This diary will be real short. But I had never thought that closing a bank account would feel as good as it felt just now. Bank of America has been my bank for five years- since I was 17 years old- and it was the right time to switch.
I could not longer continue to talk about the evils of large corporations and banks while my money (which, granted, doesn't amount to much at the moment) was in perhaps the largest culprit- Bank of America.
When I was a kid, my parents taught me the value of smart investing. I had a joint savings account from the time I was 8 ($1 minimum!) at a local bank, but by the time I was 16 nearing 17, I finally had a job, my family had moved, and I wanted a bank that was more convenient. So I joined Bank of America, after hearing of their "free" "CampusEdge" checking account offer. I opened a checking and savings account, eager to see my money grow! (Free meaning no monthly fees, yet somehow new fees kept popping up anyway).

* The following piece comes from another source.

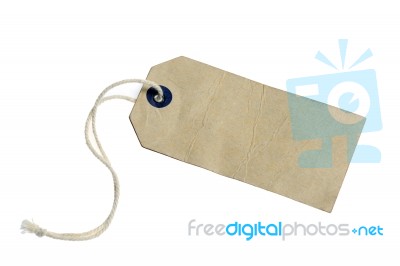 Old Paper Label With String, Isolated On The White Background Stock Photo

I then got a little more involved in politics. I started college, at a good state school, and one of the issues I was most interested in was the massive wealth inequality growing at an amazing rate. I had a few questions:
-- Why am I over 50,000 dollars in debt to get an education, despite a perfect GPA? When I graduate with a liberal arts degree, I'm quite likely going to need to go to law school if I want to pay off my loans (which is the plan now, and I am going to a top law school in a year or two), but this requires another ~100,000 dollars or more in loans. Others, in other countries, don't seem to need to deal with this, at least on the same scale. Why here?

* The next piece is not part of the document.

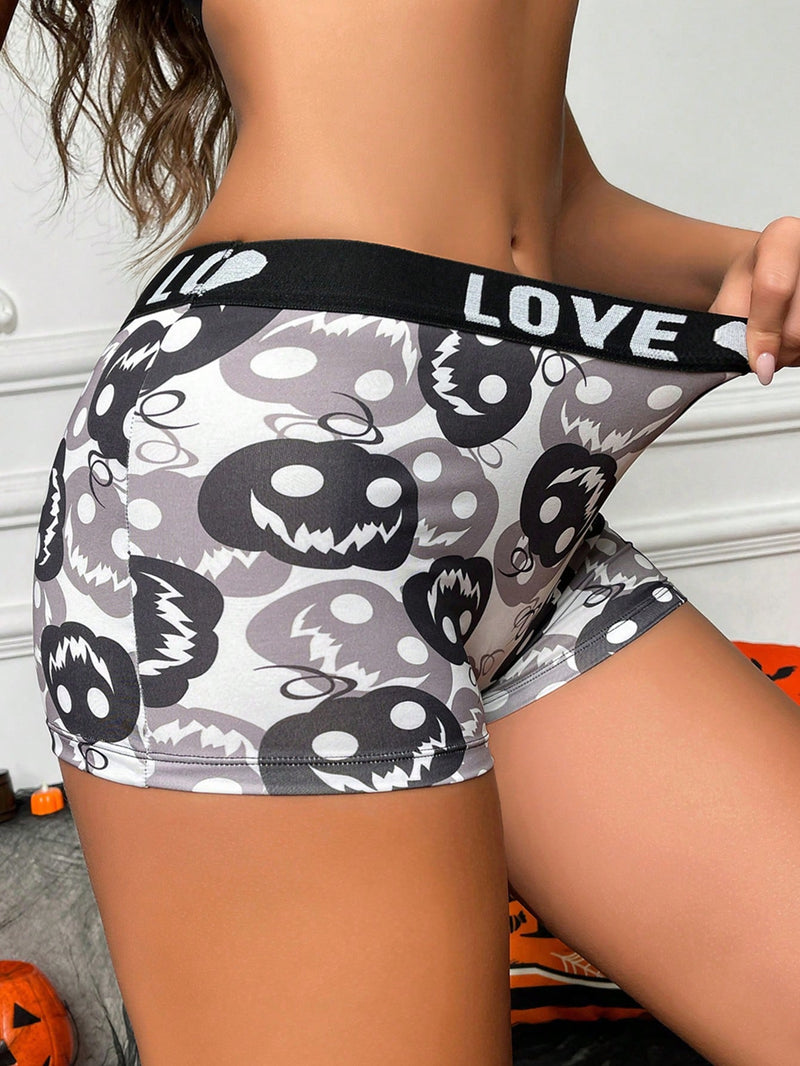 Boxer shorts comodos con estampado de calavera linda y banda con letra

-- Why does it seem like there are only two kinds of economic stories now in the news- most talking about people having trouble making ends meet; but others talking about private islands and jets and space travel and profits for GE and Exxon?
-- Why do large banks like Bank of America continue to post record profits, yet deny my family members the opportunities for loans to start small businesses? How can Bank of America get billions of dollars from the government yet continue to take peoples homes, sometimes unlawfully?
I had never really considered that having my money invested in a bank like BofA was a part of the problem. It just never occurred to me, until now. After reading (fairly obsessively) about #OccupyWallStreet, now spreading across the country, I was a bit disappointed that I cannot be in New York for more than a few days for this. I'll be helping out the Occupy DC and Occupy Baltimore protests, but there is little I can do directly because I am a full time student in the area, and also work two full days a week.
So what can I do? Other than a small contribution, I feel a bit powerless. We finally have our social justice movement sprouting up, yet there isn't too much I can do to help.
But at least I shouldn't be part of the problem. I joined a statewide credit union where members make all the decisions.
One member, one vote. Democracy.
No hidden fees and charges making a few people at the top rich.
NOT FOR PROFIT.
I'm just not sure why I didn't do this sooner. And I feel that much less hypocritical now that I know that every time I use my debit card, I am not essentially contributing to Bank of America. Bank of America no longer has my money. Bank of America will never send me another statement, or charge me for using my own money.
My money isn't going to matter much to them. But I've talked to several people that have done the same thing, after hearing of the new $5 a month debit card fee starting next year. My money might not matter to them, but lots of people doing this will.
I feel so much better talking about the greed and evils of big corporations now that I know that I am not helping one every time I buy a coffee.
Quick Update: Great comment by Winterpark, pretty much summing it up: "As a former banker. If people realized that that maintenance fee is them charging you for the privilege of using YOUR OWN money and then making at least 5-10 percentage points on it while you make squat, I think alot of people would run not walk from their banks."